Please repeat the listing below exactly, but do not include its pictures.

→ AVAILABLE DATA
'''
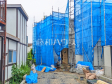 2号棟 外観 【昭島市松原町5丁目】 2号棟 外観 【昭島市松原町5丁目】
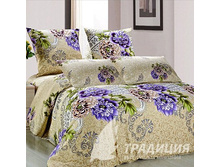 �.����� letnii mix.jpg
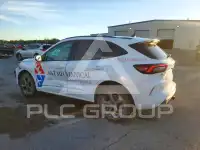 2023 Ford ESCAPE фото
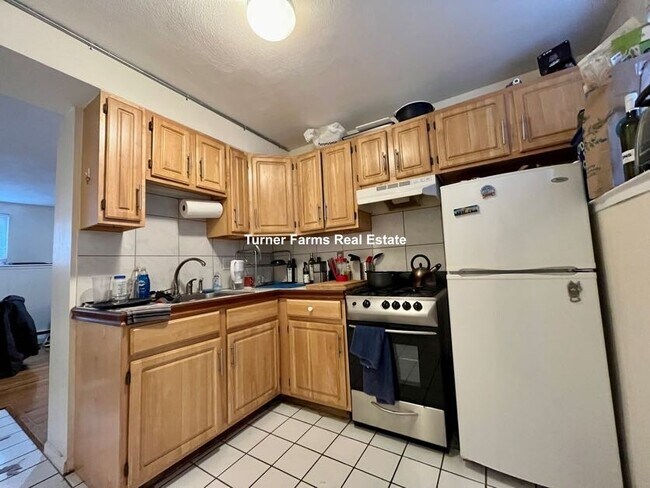 Photo - 108 Perkins St Unidad 4F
'''
→ SOLUTION TO THIS EXERCISE
 2号棟 外観 【昭島市松原町5丁目】 2号棟 外観 【昭島市松原町5丁目】
 �.����� letnii mix.jpg
 2023 Ford ESCAPE фото
 Photo - 108 Perkins St Unidad 4F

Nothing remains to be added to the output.